Design and Analysis of Two-stage Association Studies

Michael Boehnke; Andrew Skol; Laura Scott; Gonalo Abecasis; Jun Li; Robert C. Thompson; Fan Meng; Weihua Guan; Devin Absher; Huda Akil; Stanley Watson; Margit Burmeister; Richard M. Myers
World Congress of Psychiatric Genetics. 2006.

Abstract

Data on human genetic variants from the International HapMap project and the precipitous drop in genotyping costs have made genomewide association studies a practical approach to study the genetics of complex diseases. Such studies require genotyping hundreds of thousands of genetic markers on hundreds or thousands of subjects. I will discuss optimal design and analysis of two-stage association studies in which a subset of the samples is genotyped on all genetic markers in stage 1, and the remaining samples are genotyped on the most interesting markers in stage 2. Consistent with Satagopan et al., we find that two-stage designs can maintain nearly the same power to detect association as the corresponding one-stage design in which all samples are genotyped for all markers.

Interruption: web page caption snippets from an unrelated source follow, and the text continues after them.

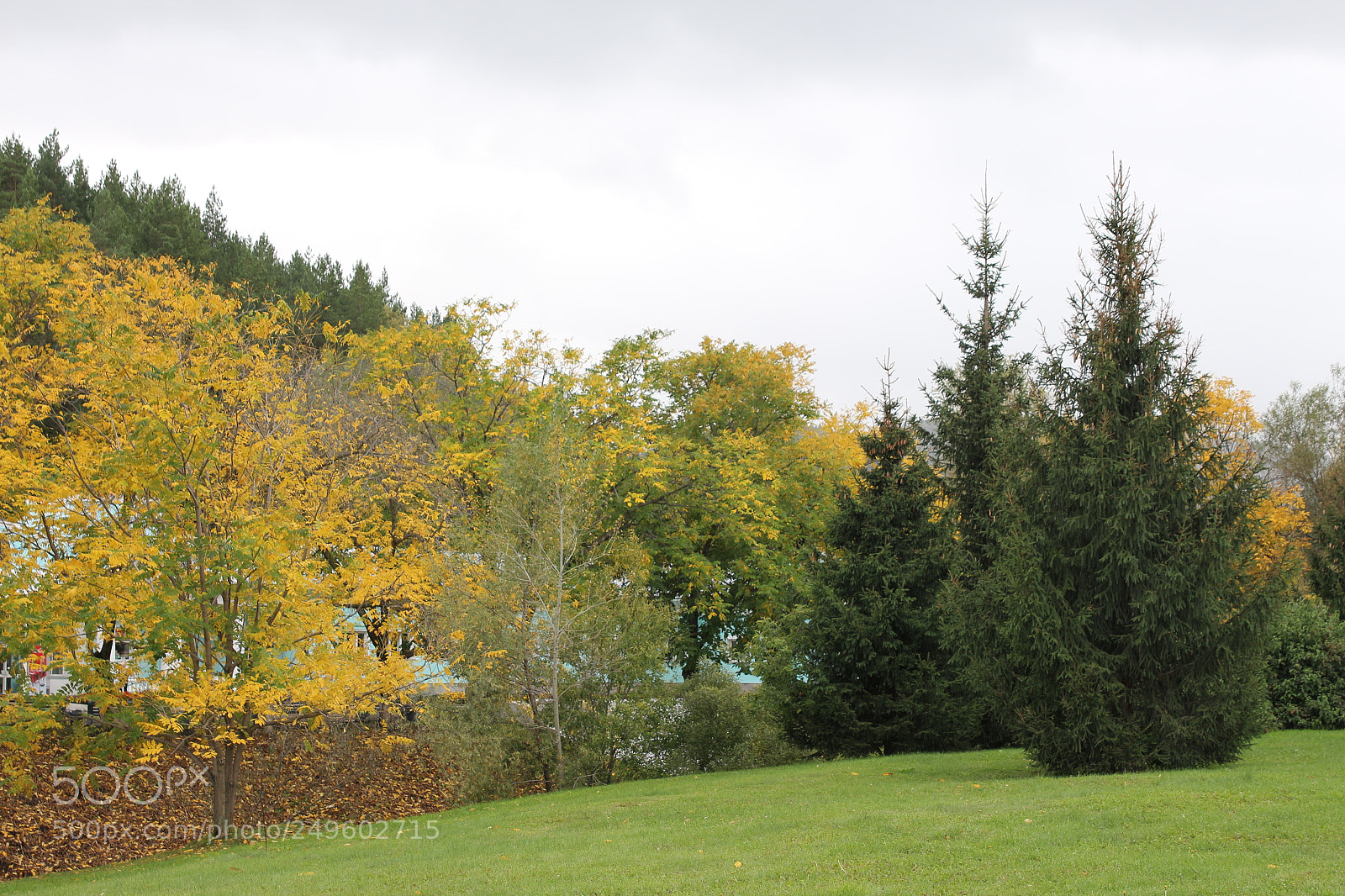 Canon EOS 650D (EOS Rebel T4i / EOS Kiss X6i) sample photo. Img photography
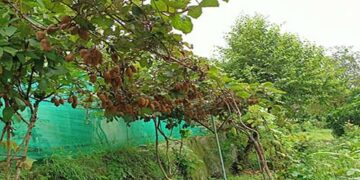 लाखों रुपए की आय दे सकता है कीवी फल, गोणी-बांदर भी नहीं पहुंचाते नुकसान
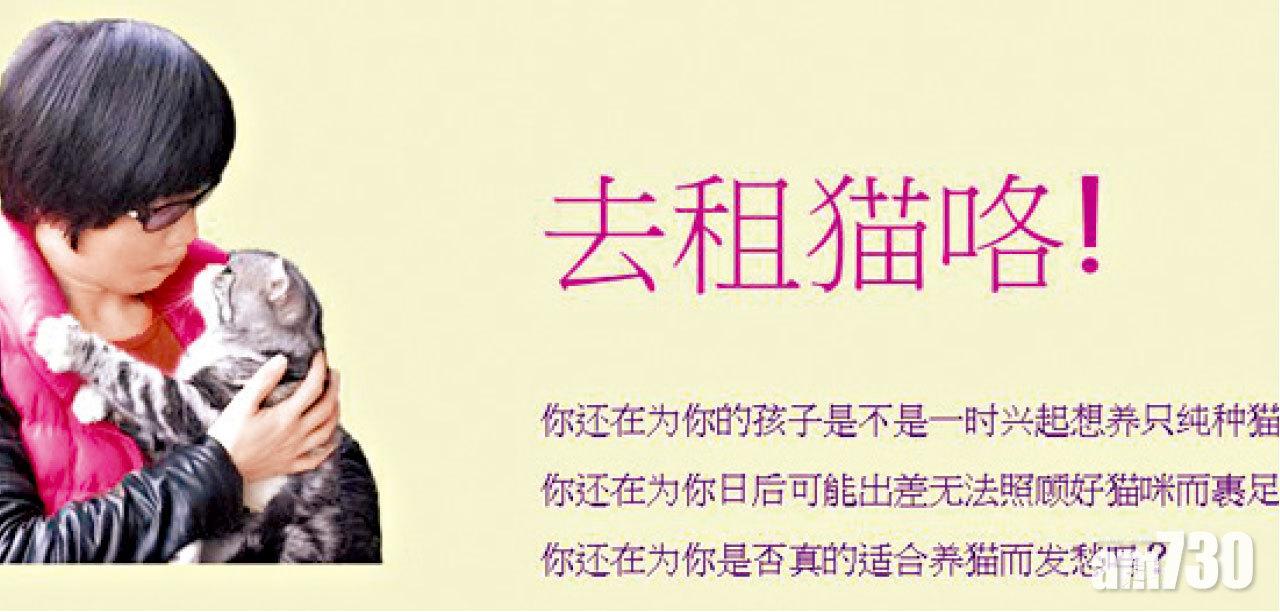深圳現共享貓咪 網民批不人道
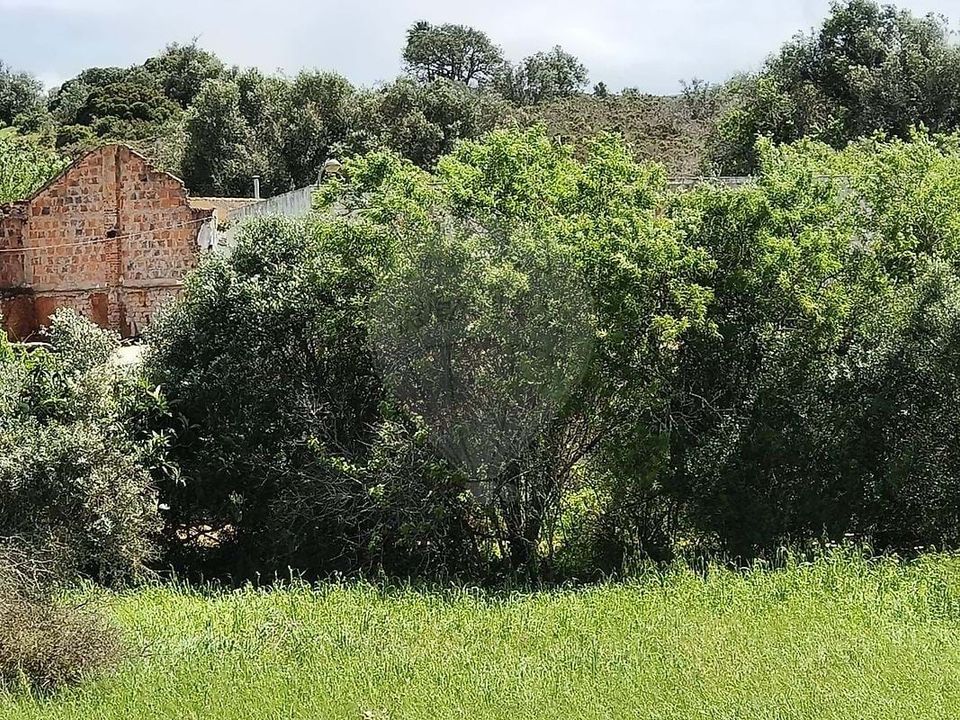 Masia a Lagoa, Faro - foto 5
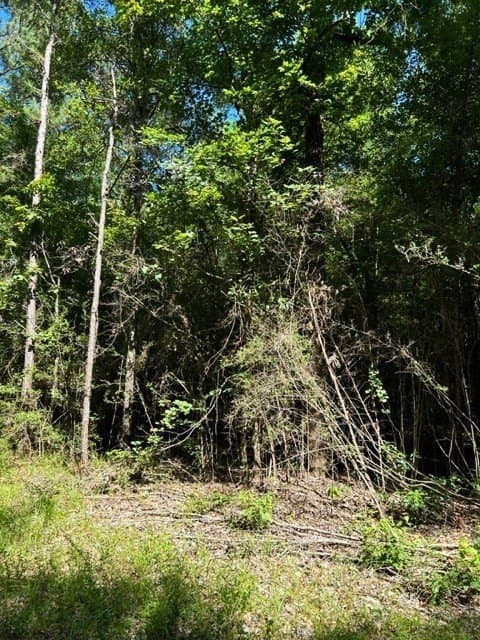 48.52 acres in Texas County - photo 6
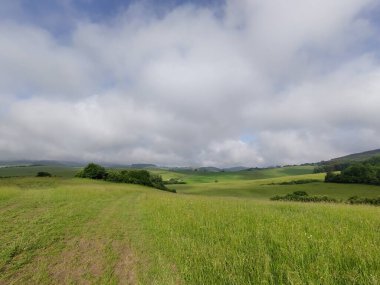 Çayırdaki ya da bahçedeki yeşil taze çimenler ve doğa. Slovakya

We find that joint analysis of stage 1 and 2 samples is nearly always more powerful than replication-based analysis, despite the need to account for a much larger number of tests. I will address the impact on optimal study design of proportion of samples in stage 1, proportion of markers followed up in stage 2, per genotype cost ratio between stages 1 and 2, and etiologic heterogeneity between stages 1 and 2. I also will describe practical issues that arise in the design of a two-stage genome wide association study of bipolar disorder and in the analysis of stage 1 data on 476 bipolar I cases and 470 ethnically-matched controls generously provided by NIMH Bipolar Disorder Genetics Initiative investigators and Dr. Pablo Gejman.